Distributed concurrency control
Distributed concurrency control is the concurrency control of a system distributed over a computer network.
In database systems and transaction processing (transaction management) distributed concurrency control refers primarily to the concurrency control of a distributed database. It also refers to the concurrency control in a multidatabase environment (e.g., a federated database, or Grid computing or Cloud computing environments; see also global concurrency control). A major goal for distributed concurrency control is (distributed) serializability (or global serializability for multidatabase systems). Distributed concurrency control poses special challenges beyond centralized one, primarily due to communication and computer latency. It often requires special techniques, like distributed lock manager over fast computer networks with low latency, like switched fabric (e.g., InfiniBand).
The most common distributed concurrency control technique is strong strict two-phase locking (SS2PL, also named rigorousness), which is also a common centralized concurrency control technique. SS2PL provides both the serializability, strictness, and commitment ordering properties. Strictness, a special case of recoverability, is utilized for effective recovery from failure, and commitment ordering allows participating in a general solution for global serializability. For large-scale distribution and complex transactions, distributed locking's typical heavy performance penalty (due to delays, latency) can be saved by using the atomic commitment protocol, which is needed in a distributed database for (distributed) transactions' atomicity (e.g., 2PC, or a simpler one in a reliable system), together with some local commitment ordering variant (e.g., local SS2PL) instead of distributed locking, to achieve global serializability in the entire system (this technique comprises a distributed serializability protocol). All the commitment ordering theoretical results are applicable whenever atomic commitment is utilized over partitioned, distributed recoverable (transactional) data, including automatic distributed deadlock resolution (see Distributed serializability and CO in Commitment ordering).
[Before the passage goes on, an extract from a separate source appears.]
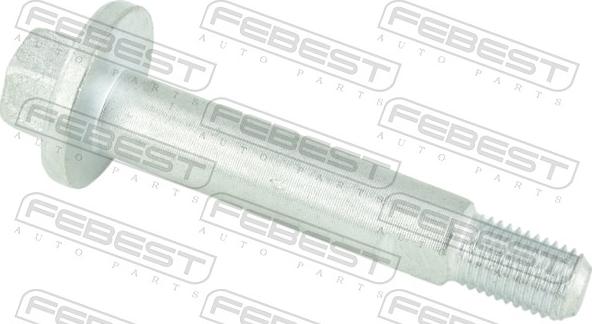 Febest 0329-008 — Śruba do regulacji pochylenia koła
Such technique can be utilized also for a large-scale parallel database, where a single large database, residing on many nodes and using a distributed lock manager, is replaced with a (homogeneous) multidatabase, comprising many relatively small databases (loosely defined; any process that supports transactions over partitioned data and participates in atomic commitment complies), fitting each into a single node, and using commitment ordering (e.g., SS2PL, or SCO) together with some appropriate atomic commitment protocol (without using a distributed lock manager).